§ **What is expected**
Everything from the "Kohler ECH740 Engine ID" line to the final line of the listing should be written out exactly. Skip the pictures.

[Source material — start]

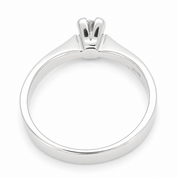 Anello - 18 carati Oro bianco - 0.18ct. tw. Diamante (Naturale)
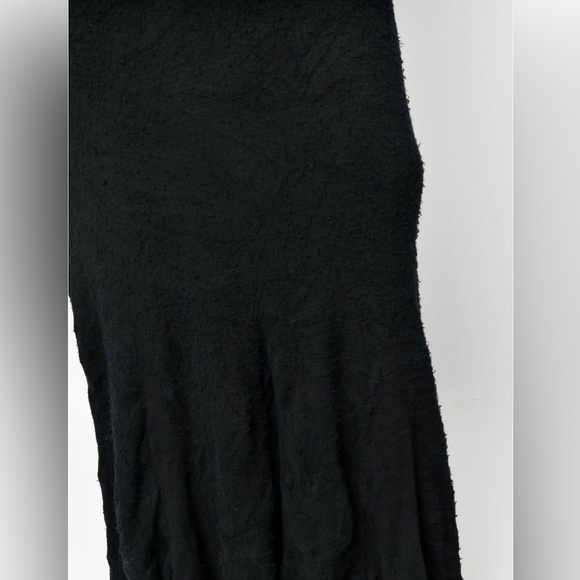 BALENCIAGA Distressed cotton-blend turtleneck long sleeve black maxi dress - Picture 5 of 15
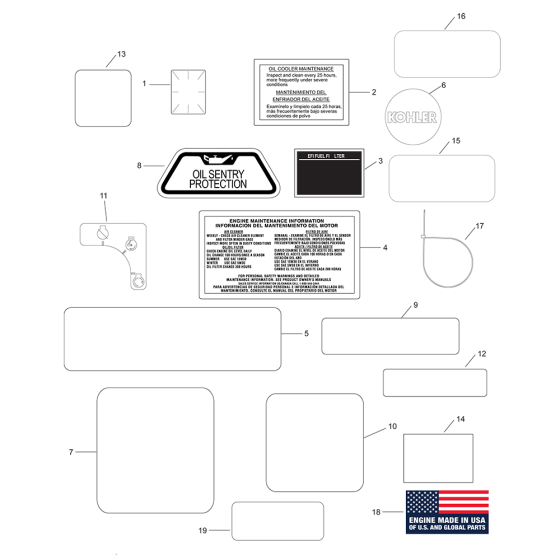 Kohler ECH740 Engine ID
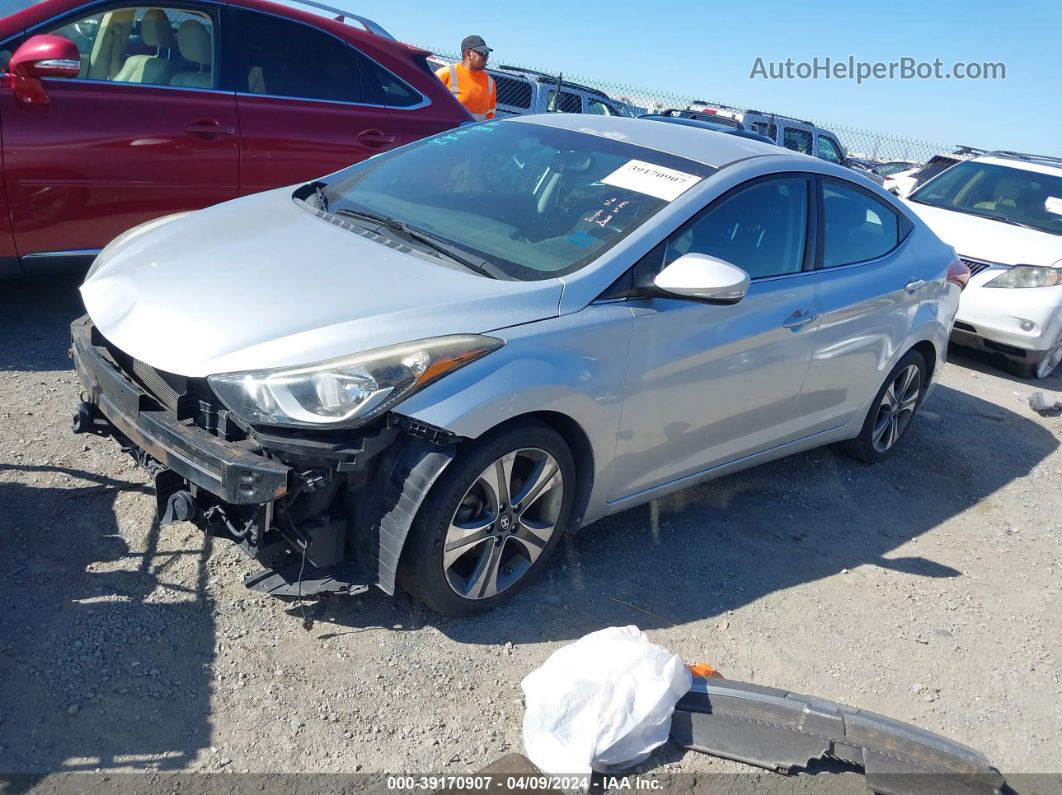 2016 Hyundai Elantra Sport Silver vin: KMHDH4AH5GU488981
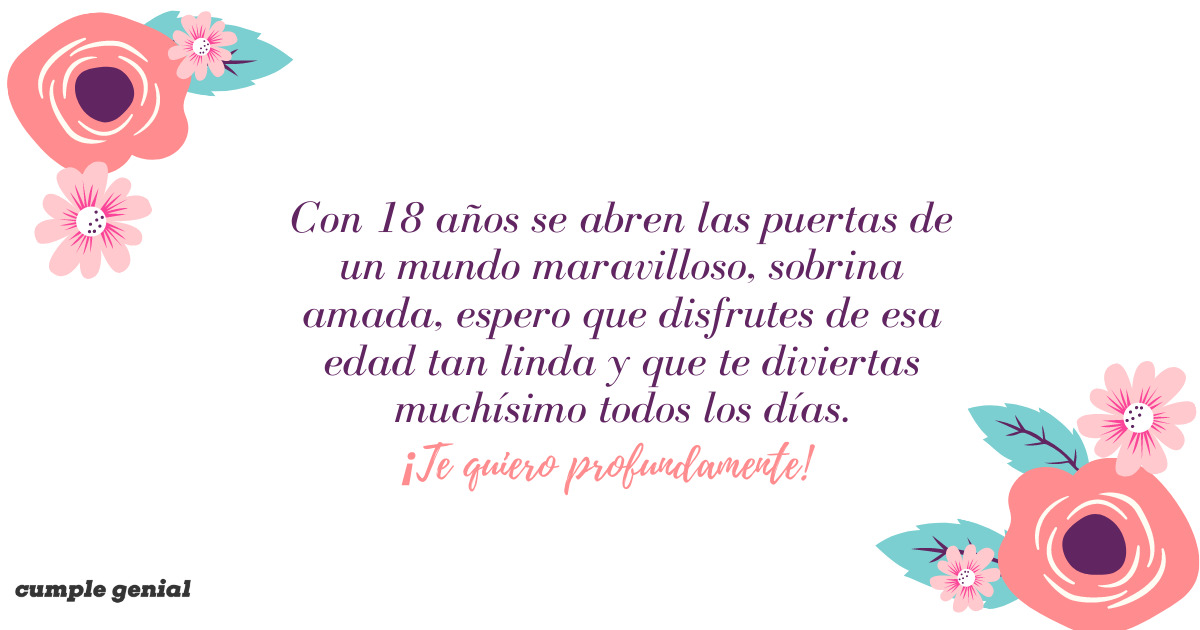 Con 18 años se abren las puertas  Cumple Genial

[Source material — finish]

§ **Result for this exercise**
 Kohler ECH740 Engine ID
 2016 Hyundai Elantra Sport Silver vin: KMHDH4AH5GU488981
 Con 18 años se abren las puertas  Cumple Genial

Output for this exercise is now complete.